Onions!? As a kid I hated everything about onions… and peppers… and tomatoes for that matter. Spoiled and picky kid for 1, please. Thankfully as with most food things, I grew out of it and have learned to love onions. As I’ve been on a little bit of a roasted jam kick, an old flavor muse challenged me to a roasted onion jam. While it took me a while to pull this savory spread together, I am super pleased with the outcome (heck perhaps even kid version of me would have liked it), plus the sweet aroma coming from my apartment (I could smell it three flights down) after roasting the vidalia onions for an hour was amazing. This recipe is a modification on this sweet vidalia onion jam recipe. I decided to use apple cider vinegar but you could easily swap out the ACV for champagne or white wine vinegar (just make sure it’s at least 5% acidity) for a milder taste. What does one do with a sweet and savory onion jam you ask? How about pairing it with crackers/scones and goat cheese. Atop some bison sliders? Or better yet, and just in time for the holiday season, use it as a glaze on this year’s Thanksgiving turkey. I made tons of this jam, so if you’re interested in snagging a jar I’ll be swapping it at the next Seacoast Food Swap.
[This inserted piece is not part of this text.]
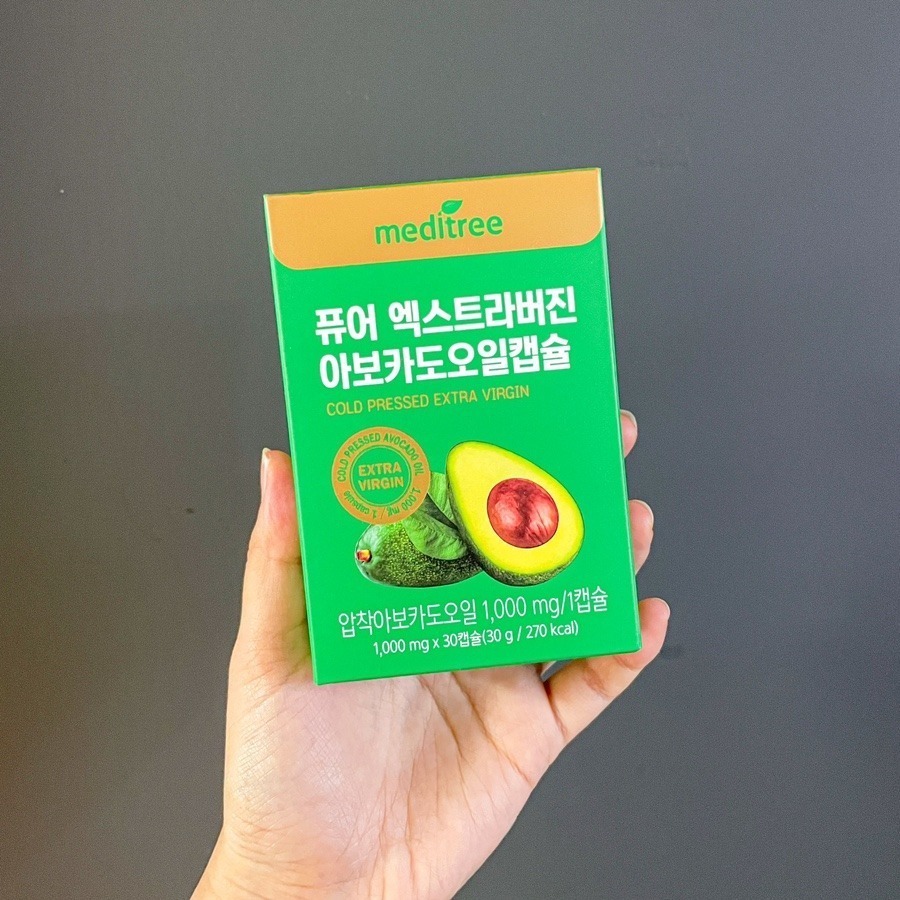 MEDITREE｜冷壓初榨酪梨油膠囊 酪梨油 牛油果膠囊 膠囊 酪梨 韓國 1盒30入｜AnniuKr｜-細節圖7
What’s new with you guys? Putting up any tasty Fall goods… pumpkins, apples, beets? Though a little late in the season (this depends on your summer temperatures), a friend of mine just surprised me with a flat of homegrown tomatillos. Yahtzee! Since the first time I laid eyes on the young plants earlier this summer, I’ve been eagerly awaiting the harvest of these husked green fruits. You can definitely expect some sort of salsa verde coming to a blog near you.
- 6 pounds sweet onions (vidalia)
- 2 cups white sugar
- 1-1/2 cup apple cider vinegar
- 1 tsp lemon zest
- 1/2 tsp kosher salt
- 1/4 cup fresh minced sage
- 1 box powdered pectin
- Pre-heat oven to 425F.
- Place unpeeled whole onions on a baking sheet. Roast until the skins are deep golden brown and blistered and the inner parts are very tender throughout and yield when pierced with a sharp knife, an hour or longer, depending on the size.
- When time is up remove onions from oven, let cool long enough to handle then remove skin and quarter. In batches puree onions in a blender/food processor.
- In a large-sized, non-ionized pot, combine pureed onions, apple cider vinegar, sugar, and lemon zest. Cook down over low heat for 1 hour and a half.
- Stir in minced sage and salt and cook for an additional 5 minutes.
- Add powdered pectin and cook hard for 1 minute. Remove from heat.
- Ladle jam into warm pint or half pint jars leaving approximately 1/4 inch headspace. Wipe rims, apply lids and rings (finger tight), and then process in a hot water bath for 10 minutes.
- Remove jars from canner and let cool on a folded towel for 12-24 hours.